Are there no limits to the global ambitions of football clubs? Once upon a time, these ambitions were reserved for sweatshop workers in the Far East churning out replica kit for sale to workers in the Far East who didn't work in sweatshops. Now, they have become altogether grander. How better to market your football club than to name an entire island after it.
Real Madrid Resort Island is due to open its doors (turnstiles might seem more appropriate) at the beginning of January 2015. It is far away from Madrid and far away from Spain, a tourism complex and theme park in Ras al-Khaimah, an emirate among the globally ambitious, sporting-linked collective of the United Arab Emirates.
There is more than a touch of the bizarre about this concept. It has overtones of Python's "Whicker Island", though in Python-land, Real Madrid Resort Island would probably have been Accrington Stanley Resort Island, a theme park comprising grimy northern scenes, back to back houses rather than luxury apartments, next to a slag heap instead of yet more velvety white sands.
"When an emotional brand creates an emotional place," says the promotional video, replete with a quickening heartbeat, which then, against a soundtrack with a suitably Arabic hint, announces the delights that await the anticipated one million visitors in year one. Among these will be the world's first hologram football show, reconstructed Ronaldos taking on imaginary Barças and Uniteds and presumably always winning. Let's face it, the last thing Real Madrid Resort Island needs is an unsuccessful team, so why not just stage an illusion of a football match and make sure the result always goes the right way.

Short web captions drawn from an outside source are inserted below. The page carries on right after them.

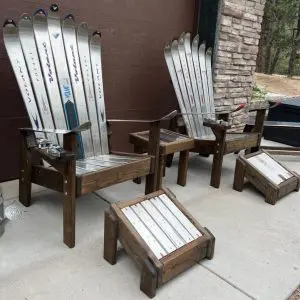 2 Stainless Steel Adirondack Ski Chairs, 2 Matching Ottomans & 1 Side Table - Set of 5
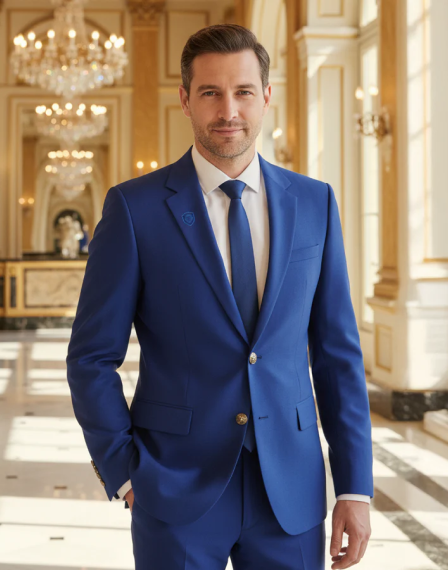 VT Embroidered Royal Blue Lightweight Wool Blazer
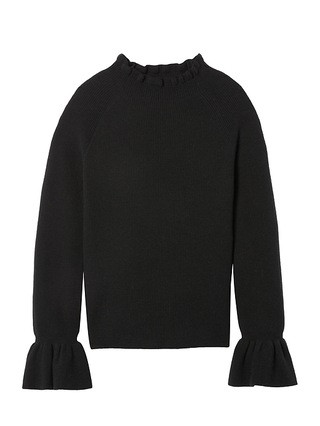 Feather Touch Ruffle-Cuff Turtleneck | Banana Republic US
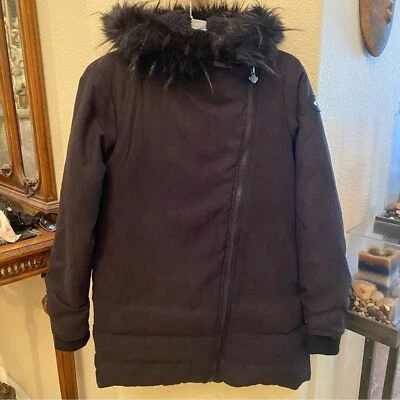 APPAMAN девочек подростков черный искусственного меха молнии плюшевая подкладка теплая куртка размер 14 лет - Изображение 1 из 4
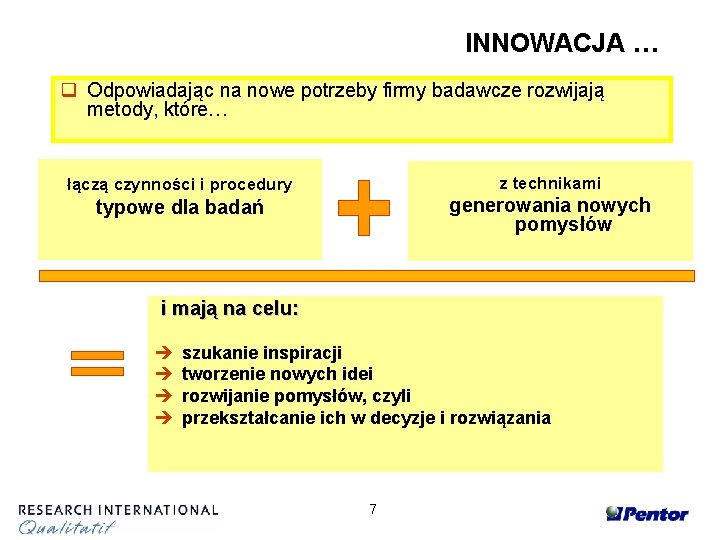 INNOWACJA … q Odpowiadając na nowe potrzeby firmy badawcze rozwijają metody, które… łączą czynności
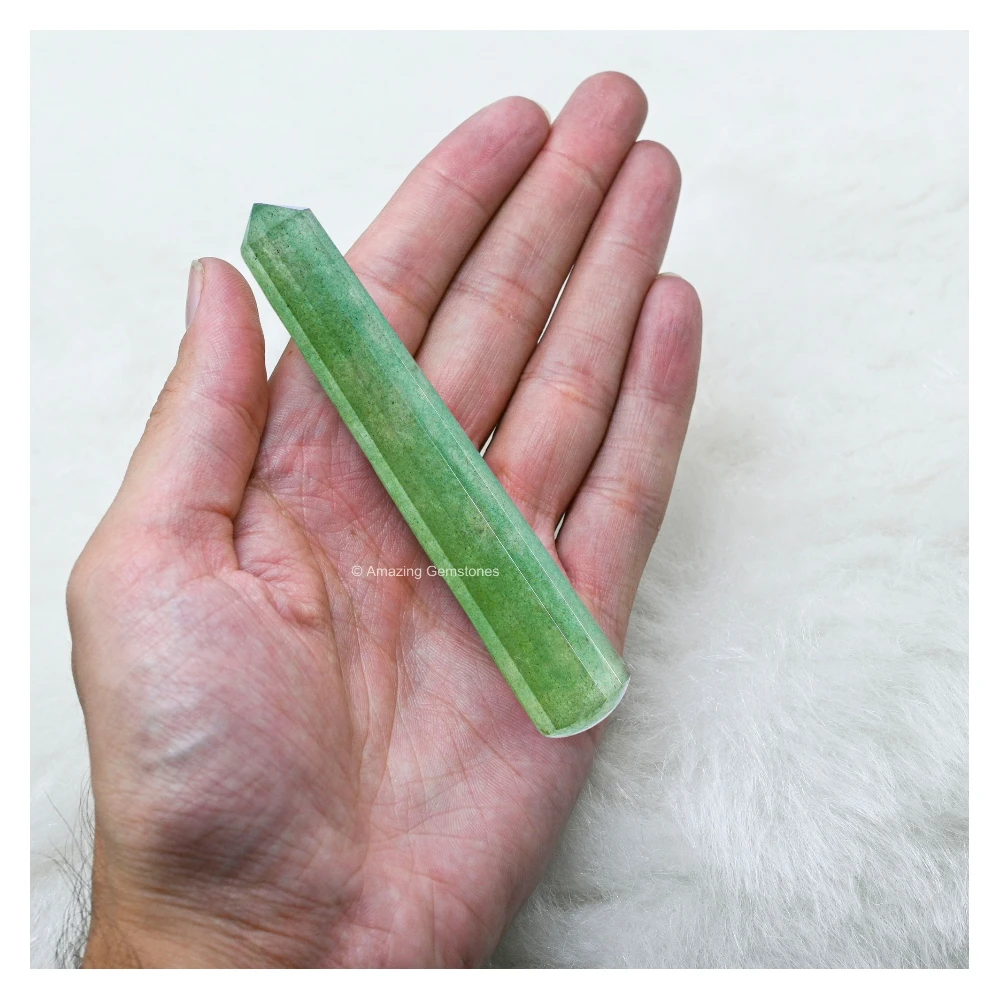 Green Strawberry Quartz Wand (Faceted)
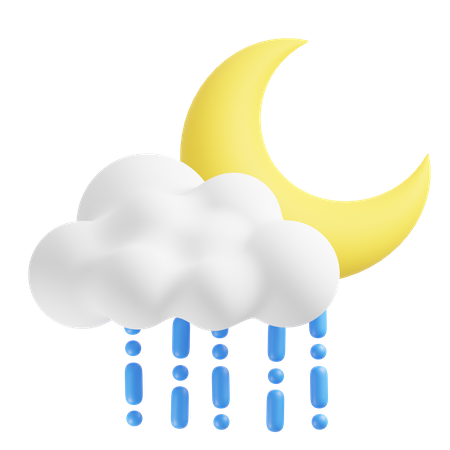 Rain Night  3D Icon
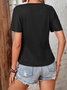 V Neck Casual Knitted Bow Shirt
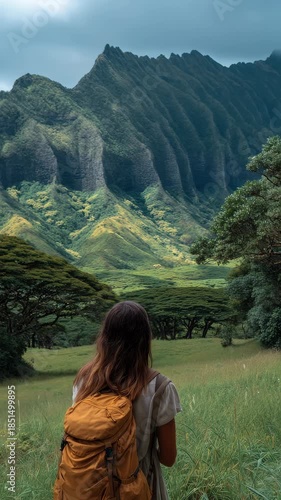 Woman Hiking in Tropical Mountain Forest Hawaii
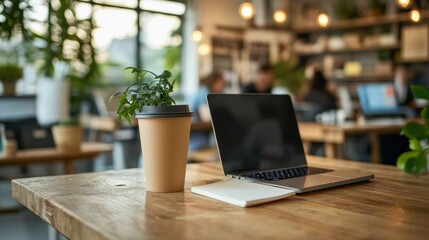 Office desk with laptop notebook and coffee cup in focused setting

The emotional brand creating the emotional place is the "perfect partnership", continues the video. Perfection is the collision of one of the world's leading and richest football clubs with one of the richest parts of the world. Perfection lies in richness and in two partners with plenty of moolah at their disposal. One billion dollars are to be invested.
The resort with its amusement park, its 60 bungalows, its 400 apartments, its 48 villas and its own Real Madrid museum is of a scale unimaginable in Mallorca. Well, not completely unimaginable, but while a new theme park ever actually opening on Mallorca is probably unlikely (and what, pray, has happened to it?) and while Utz Claassen, were he to in fact untangle his legal issues at Real Mallorca and offer a footballing holiday to a few hundred Germans to bolster the crowds at the Iberostar, would have to wait approximately five seasons' worth of home matches to get to one million attendees, the United Arabs just go full steam ahead, create a whole island and eventually, and don't dismiss the possibility, end up uprooting an entire football club of their own. Real Madrid Resort Island will also boast the first ever football stadium "open to the sea". And who will be playing there?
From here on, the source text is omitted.